ACTION ITEM:
Each entry that follows is to be copied exactly, minus any pictures.

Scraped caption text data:

== Segment start ==

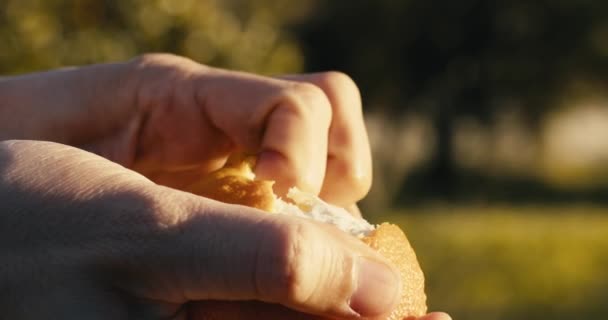 La mano está pelando una fruta naranja en el campo en la naturaleza. — Vídeo de stock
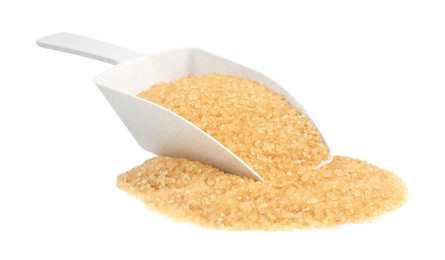 Photo of Pile of brown sugar and scoop isolated on white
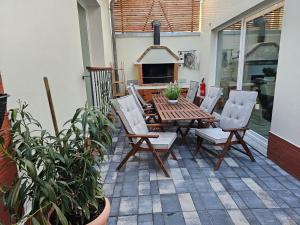 a patio with a wooden table and chairs and a fireplace at Marcel Apartments Leipzig in Leipzig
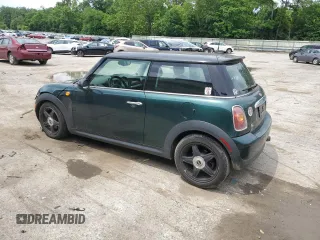 2007 MINI Hardtop with VIN WMWMF33537TL77985, listed as a Copart auction lot 61908635 with 180,470 mi miles and Salvage title. Bid and sale history available at DreamBid. Image 2.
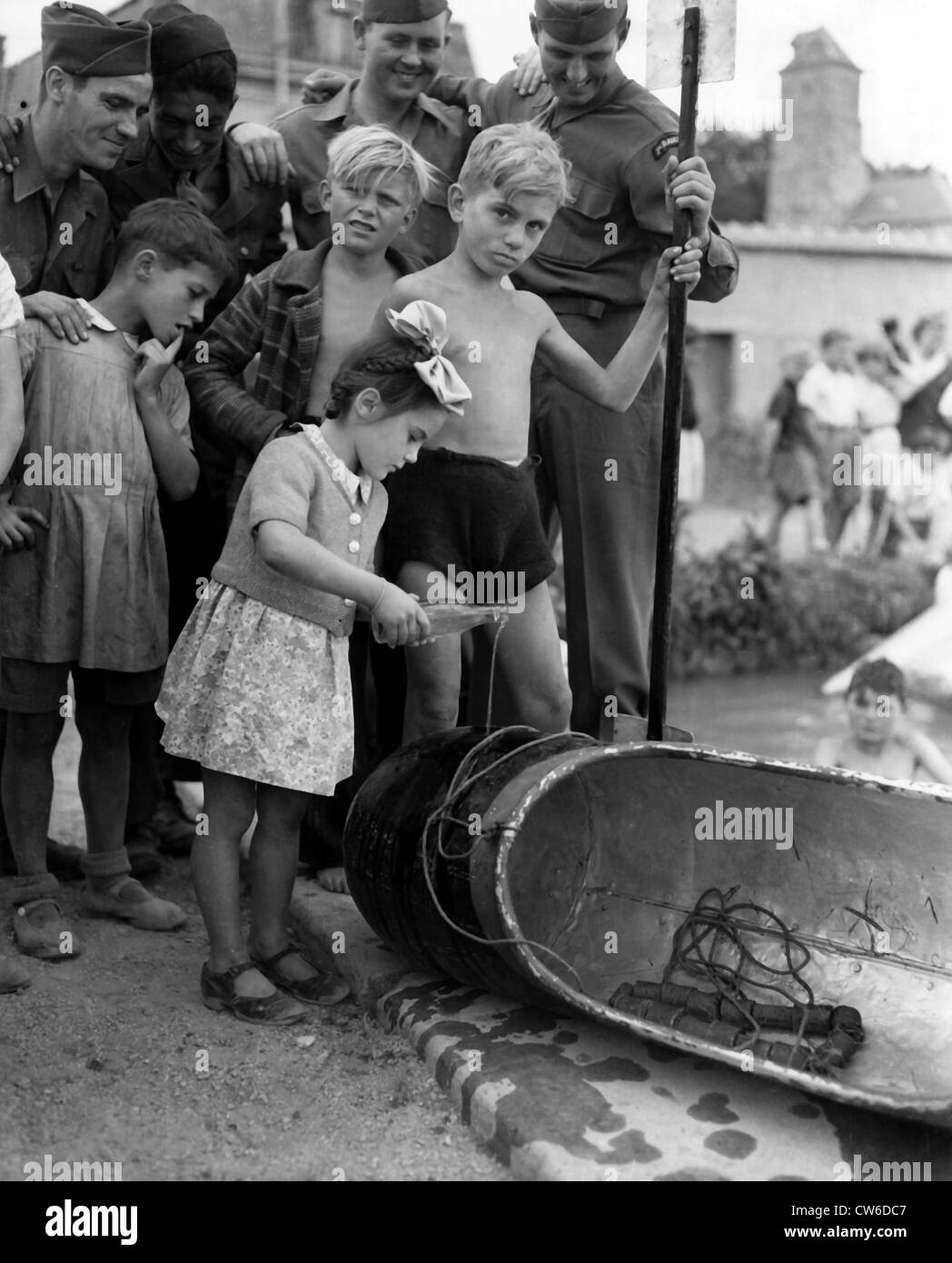 A little French girl christens a "boat" near Reims (France) August 7 ...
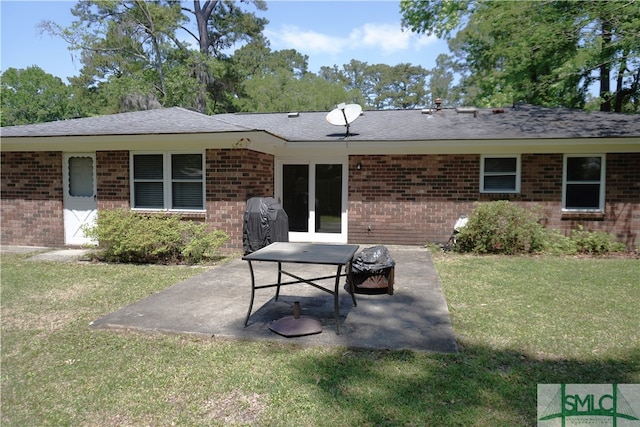 rear view of property with a patio area and a lawn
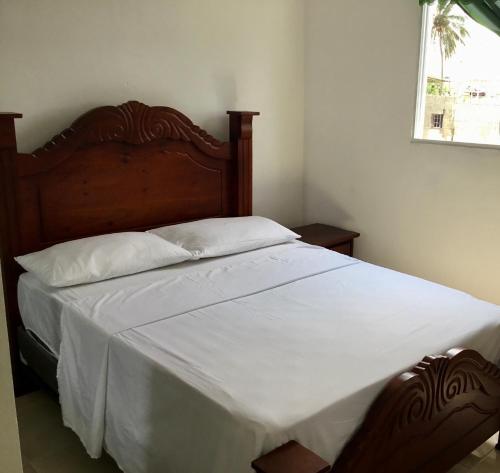 a bedroom with a large bed with white sheets at Aparta hotel El Sol, Home near AirPort SDQ in Boca Chica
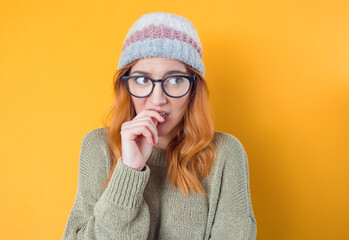 Frightened young woman biting fingernail and popped eyes at camera, being terrible accident,...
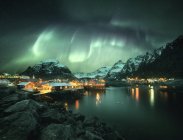 Luces boreales sobre un pueblo costero, Lofoten, Nordland, Noruega - foto de stock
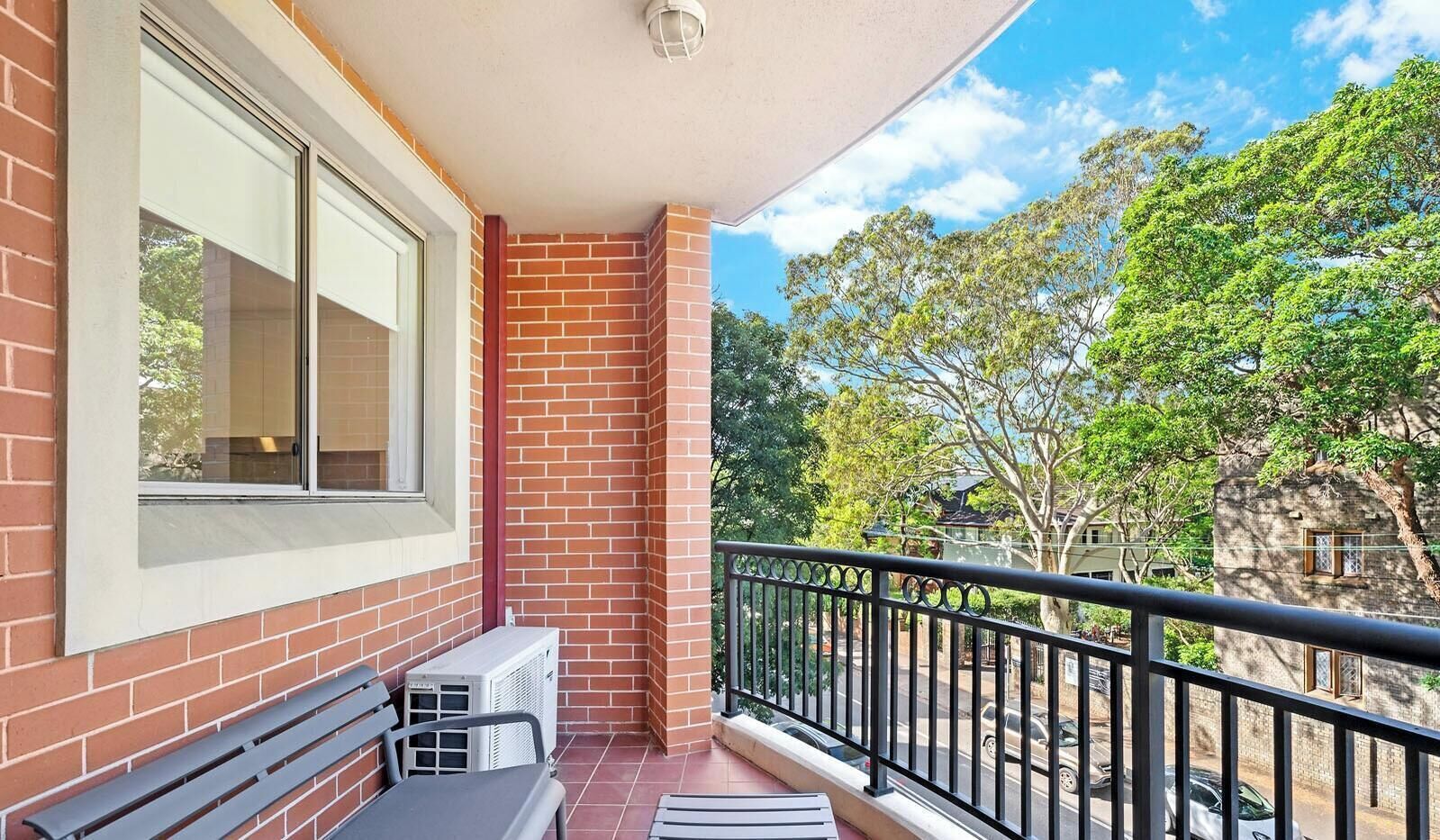 A balcony with a brick wall, a window, a bench, and a railing.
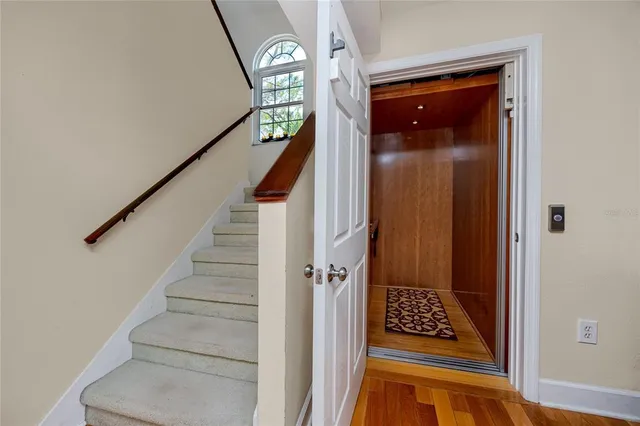a view of a balcony with plants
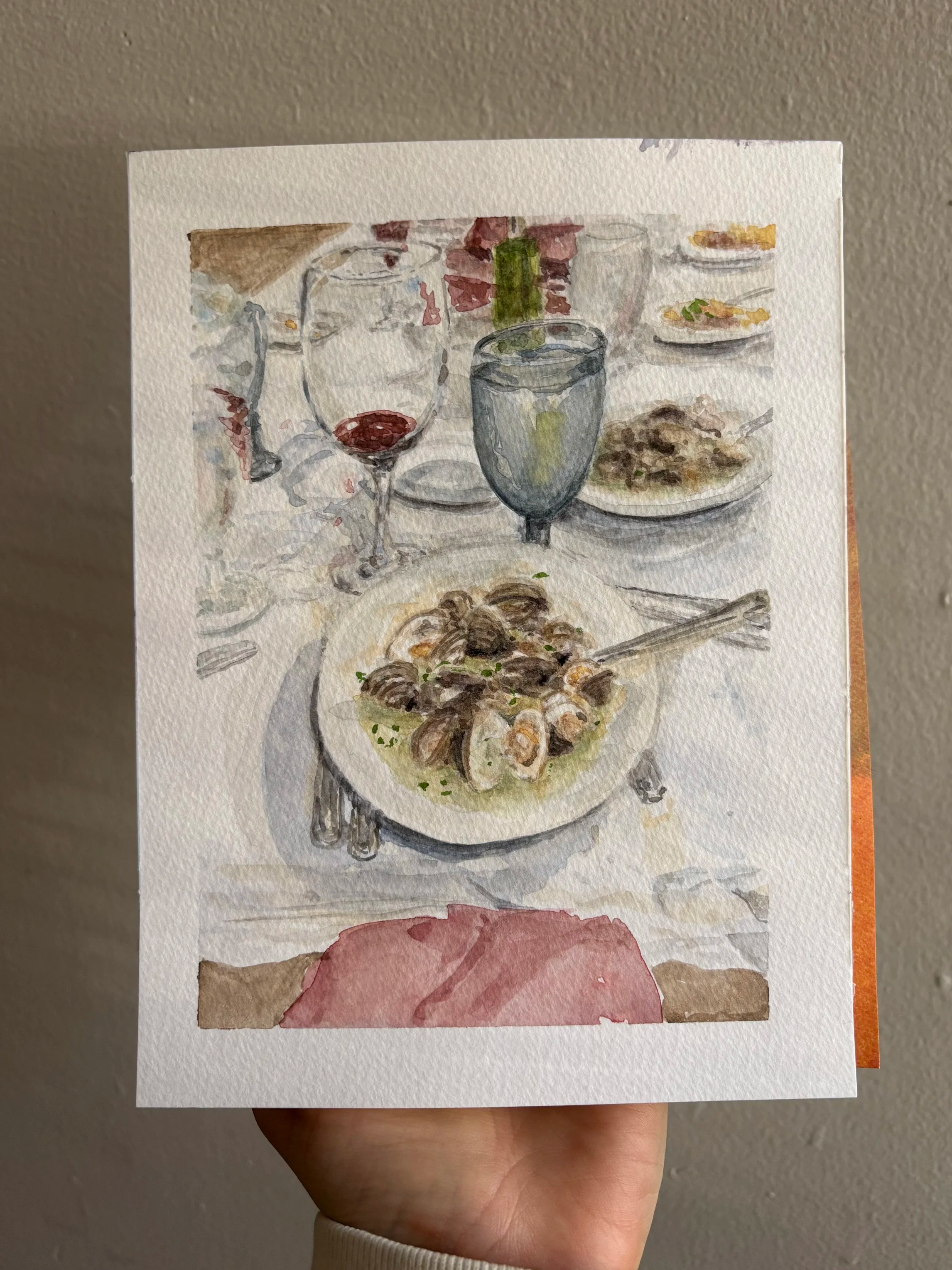 Hand holding a watercolor painting of a dining table with glasses of wine, plates of food, and a bottle, against a plain wall.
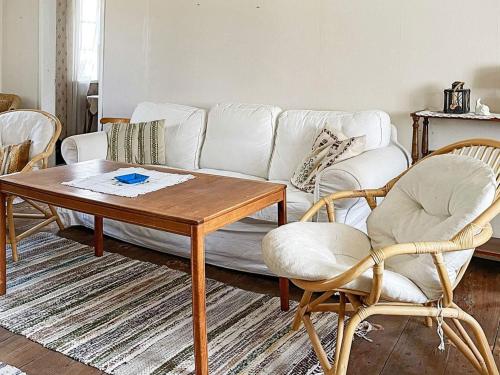 a living room with a white couch and a table at 9 person holiday home in Ljungbyhed-By Traum in Ljungbyhed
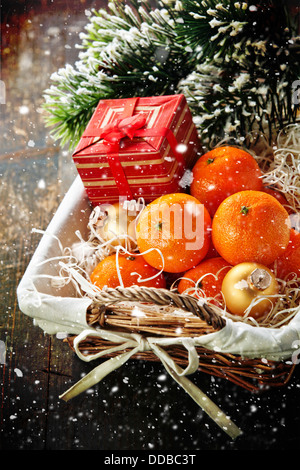 Mandarins in basket with Gift and Christmas tree branch Stock Photo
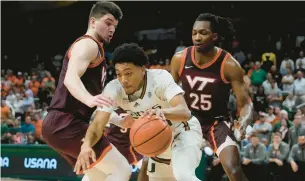  ?? MARTA LAVANDIER/AP ?? Miami guard Nijel Pack dribbles the ball between Virginia Tech guard Hunter Cattoor, left, and forward Justyn Mutts during Tuesday night’s game in Coral Gables, Florida.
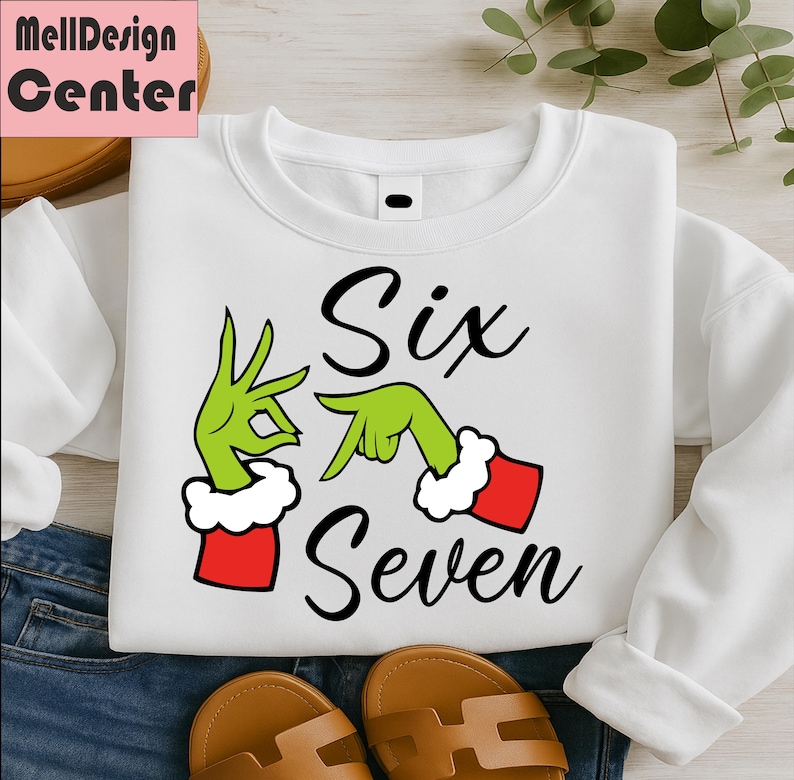 Pu&ograve; includere: Felpa bianca con le parole "Six Seven" in corsivo nero. Il design include mani verdi con polsini rossi e bianchi, che formano i numeri sei e sette. La felpa &egrave; esposta su uno sfondo di jeans.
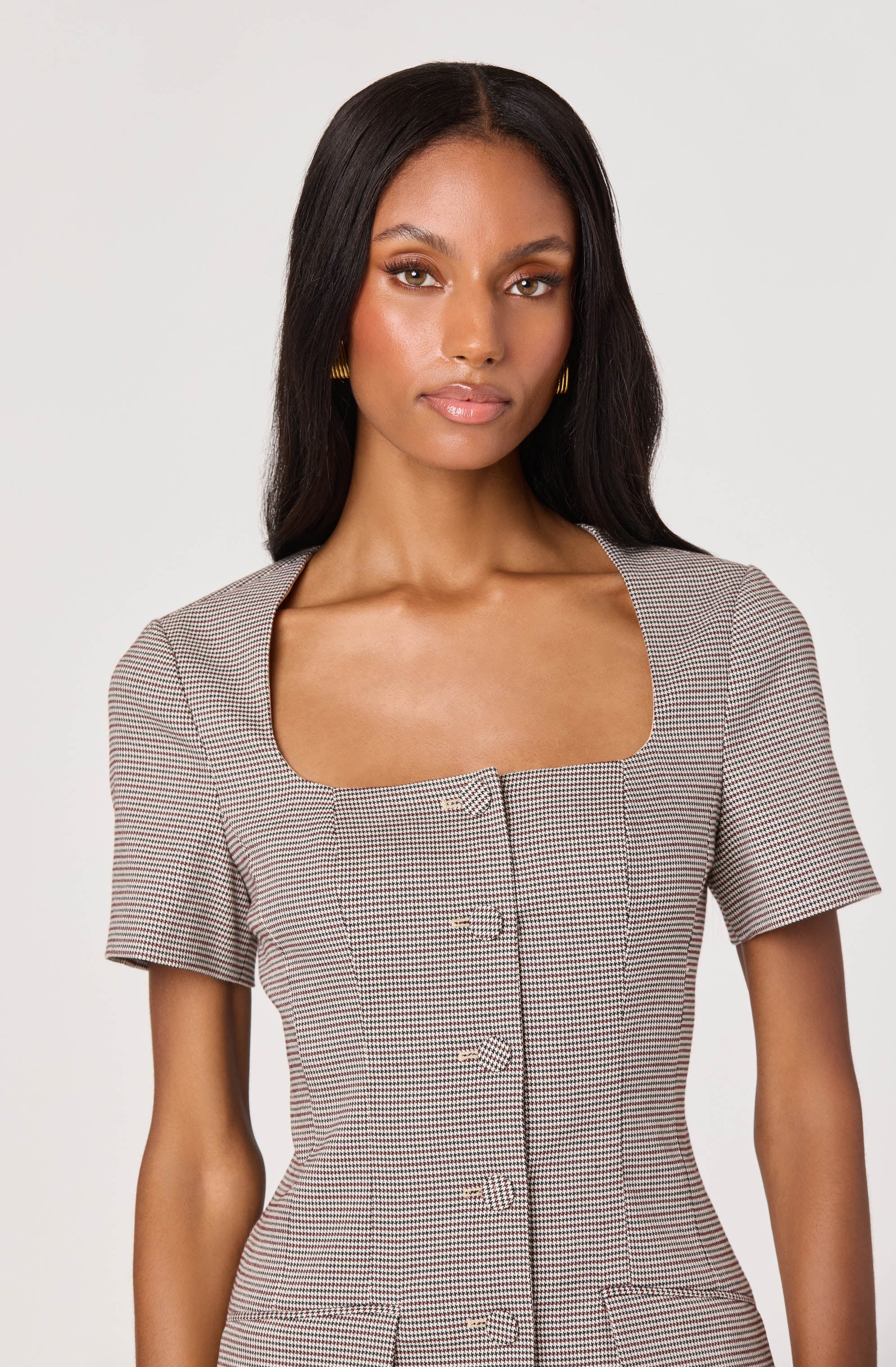 A woman with straight, dark hair is wearing a fitted dress with short sleeves, featuring a small checkered pattern in shades of black, white, and brown. The dress has a square neckline and a row of buttons down the front.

== Segment end ==

ANSWER AREA:
 La mano está pelando una fruta naranja en el campo en la naturaleza. — Vídeo de stock
 Photo of Pile of brown sugar and scoop isolated on white
 a patio with a wooden table and chairs and a fireplace at Marcel Apartments Leipzig in Leipzig
 2007 MINI Hardtop with VIN WMWMF33537TL77985, listed as a Copart auction lot 61908635 with 180,470 mi miles and Salvage title. Bid and sale history available at DreamBid. Image 2.
 A little French girl christens a "boat" near Reims (France) August 7 ...
 rear view of property with a patio area and a lawn
 a bedroom with a large bed with white sheets at Aparta hotel El Sol, Home near AirPort SDQ in Boca Chica
 Frightened young woman biting fingernail and popped eyes at camera, being terrible accident,...
 Luces boreales sobre un pueblo costero, Lofoten, Nordland, Noruega - foto de stock
 A balcony with a brick wall, a window, a bench, and a railing.
a view of a balcony with plants
 Hand holding a watercolor painting of a dining table with glasses of wine, plates of food, and a bottle, against a plain wall.
 a living room with a white couch and a table at 9 person holiday home in Ljungbyhed-By Traum in Ljungbyhed
 Mandarins in basket with Gift and Christmas tree branch Stock Photo
  ?? MARTA LAVANDIER/AP ?? Miami guard Nijel Pack dribbles the ball between Virginia Tech guard Hunter Cattoor, left, and forward Justyn Mutts during Tuesday night’s game in Coral Gables, Florida.
 Pu&ograve; includere: Felpa bianca con le parole "Six Seven" in corsivo nero. Il design include mani verdi con polsini rossi e bianchi, che formano i numeri sei e sette. La felpa &egrave; esposta su uno sfondo di jeans.
 A woman with straight, dark hair is wearing a fitted dress with short sleeves, featuring a small checkered pattern in shades of black, white, and brown. The dress has a square neckline and a row of buttons down the front.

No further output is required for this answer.